The very existence of these tools is proof that writing safe code in C or C++ is extraordinarily difficult. A code base shared by a team of developers increases the difficulty exponentially for each team member added. In my experience, this is because understanding the safety implications of wild
void * pointers, bounds checking, avoiding double-frees, and correctly synchronizing shared access with mutual exclusion locks requires keeping the entire program state in your head at all times.
It isn't always possible to review code written by other team members, and even when you do, it isn't always possible to keep the state of the existing code in your head, while also bringing in the new state from the new code in a cohesive way, without introducing new errors. In other words, the compiler only does what you tell it to do, and there are many many more unsafe things you can tell it than there are safe things. Thus Valgrind and the Sanitizers were born.

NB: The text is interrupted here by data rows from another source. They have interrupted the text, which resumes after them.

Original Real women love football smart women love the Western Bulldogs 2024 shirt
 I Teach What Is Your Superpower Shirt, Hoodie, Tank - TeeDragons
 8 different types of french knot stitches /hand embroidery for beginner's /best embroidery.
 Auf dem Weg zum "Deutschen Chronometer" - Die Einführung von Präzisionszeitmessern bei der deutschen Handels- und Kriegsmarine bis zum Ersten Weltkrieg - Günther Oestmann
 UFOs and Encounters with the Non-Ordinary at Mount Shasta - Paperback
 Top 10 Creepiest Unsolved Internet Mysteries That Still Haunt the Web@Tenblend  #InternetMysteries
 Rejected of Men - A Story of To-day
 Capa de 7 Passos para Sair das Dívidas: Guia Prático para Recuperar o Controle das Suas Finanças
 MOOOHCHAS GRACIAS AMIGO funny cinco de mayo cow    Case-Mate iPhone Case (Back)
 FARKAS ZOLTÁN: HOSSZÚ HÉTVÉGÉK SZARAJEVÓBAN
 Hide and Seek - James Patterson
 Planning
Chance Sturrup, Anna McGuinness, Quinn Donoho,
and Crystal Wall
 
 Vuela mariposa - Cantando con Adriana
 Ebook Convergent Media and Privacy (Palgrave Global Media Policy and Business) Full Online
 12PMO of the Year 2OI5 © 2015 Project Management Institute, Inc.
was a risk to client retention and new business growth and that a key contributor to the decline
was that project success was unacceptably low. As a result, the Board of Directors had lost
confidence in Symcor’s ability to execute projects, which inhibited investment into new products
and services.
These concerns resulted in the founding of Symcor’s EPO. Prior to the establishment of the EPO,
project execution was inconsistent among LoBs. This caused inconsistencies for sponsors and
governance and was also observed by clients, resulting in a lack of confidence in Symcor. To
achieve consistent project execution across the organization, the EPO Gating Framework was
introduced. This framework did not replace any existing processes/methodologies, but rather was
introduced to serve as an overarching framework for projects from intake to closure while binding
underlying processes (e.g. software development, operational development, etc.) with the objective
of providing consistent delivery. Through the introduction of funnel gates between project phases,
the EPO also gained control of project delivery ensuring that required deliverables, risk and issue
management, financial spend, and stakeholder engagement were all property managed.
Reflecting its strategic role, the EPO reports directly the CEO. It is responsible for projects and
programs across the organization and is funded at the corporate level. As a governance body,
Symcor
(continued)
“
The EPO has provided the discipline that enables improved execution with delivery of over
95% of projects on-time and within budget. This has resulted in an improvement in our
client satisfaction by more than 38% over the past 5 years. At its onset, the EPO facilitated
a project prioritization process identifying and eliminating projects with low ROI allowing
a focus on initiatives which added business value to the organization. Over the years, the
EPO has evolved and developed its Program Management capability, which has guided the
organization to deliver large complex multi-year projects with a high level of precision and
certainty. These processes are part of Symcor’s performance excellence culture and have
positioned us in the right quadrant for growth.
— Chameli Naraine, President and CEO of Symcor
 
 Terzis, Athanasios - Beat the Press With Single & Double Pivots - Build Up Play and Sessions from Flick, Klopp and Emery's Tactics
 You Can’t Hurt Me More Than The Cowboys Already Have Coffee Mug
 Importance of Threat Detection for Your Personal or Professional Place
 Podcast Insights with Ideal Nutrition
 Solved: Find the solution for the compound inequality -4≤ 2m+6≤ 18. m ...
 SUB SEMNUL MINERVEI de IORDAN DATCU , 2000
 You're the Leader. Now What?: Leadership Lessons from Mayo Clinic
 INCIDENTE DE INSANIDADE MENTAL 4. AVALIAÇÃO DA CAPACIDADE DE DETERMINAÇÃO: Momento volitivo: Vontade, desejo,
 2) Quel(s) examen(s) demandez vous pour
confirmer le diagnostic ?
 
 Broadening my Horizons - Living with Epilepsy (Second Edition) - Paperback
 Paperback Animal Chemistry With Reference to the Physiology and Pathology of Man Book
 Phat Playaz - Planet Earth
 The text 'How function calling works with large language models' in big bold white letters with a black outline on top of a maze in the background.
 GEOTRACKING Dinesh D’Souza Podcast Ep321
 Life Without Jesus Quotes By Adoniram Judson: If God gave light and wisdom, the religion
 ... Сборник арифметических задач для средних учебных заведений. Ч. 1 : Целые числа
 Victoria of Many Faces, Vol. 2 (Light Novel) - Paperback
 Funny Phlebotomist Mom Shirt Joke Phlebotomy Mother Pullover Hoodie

What about Rust? If you use any
unsafe, these tools will help check (at runtime) what the Rust compiler cannot (at compile-time). So these tools are still a good fit. However, if you are only using the safe subset of Rust, it's very unlikely that these tools will tell you anything you don't already know. E.g. that the code is memory safe, thread safe, free of undefined behavior and data races.
BTW, the leak sanitizer, Valgrind's memcheck tool (for leak detection), and leak detectors in allocators like jemalloc are all still very relevant to the safe subset of Rust. The language doesn't provide protection against memory leaks: Memory Leaks are Memory Safe
The incredible ease by which C and C++ can violate memory safety has bitten me more times than I can count. Often with a rude 3 AM wake up call with segfaults in production code that customers depend upon for their businesses. This same ease of shooting oneself in the foot is the sole reason I hated preemptive threading for many years, to the point where I avoided it entirely and put all of my trust in process boundaries without shared memory. Not to mention countless weeks spent debugging code, saying things like "I have no idea why this doesn't work," only to find that the bug actually exists in some completely unrelated code path.
If you can write flawless C or C++ code (and that's a big if! In fact, I don't trust anyone with the hubris who believes they are so flawless) then maybe these languages are just fine for you. But only if you're the only person that ever touches the code. Alternatively if you already have an excellent CI story with a comprehensive test suite, including automation around Valgrind or Google Sanitizers, you're probably pretty well off at avoiding C++ pitfalls. You just happen to find out about them during potentially long CI test runs, instead of compile time in your development workspace.
I don't mean this as a harsh critique of C++. But it's rightfully deserved, so I don't feel too bad.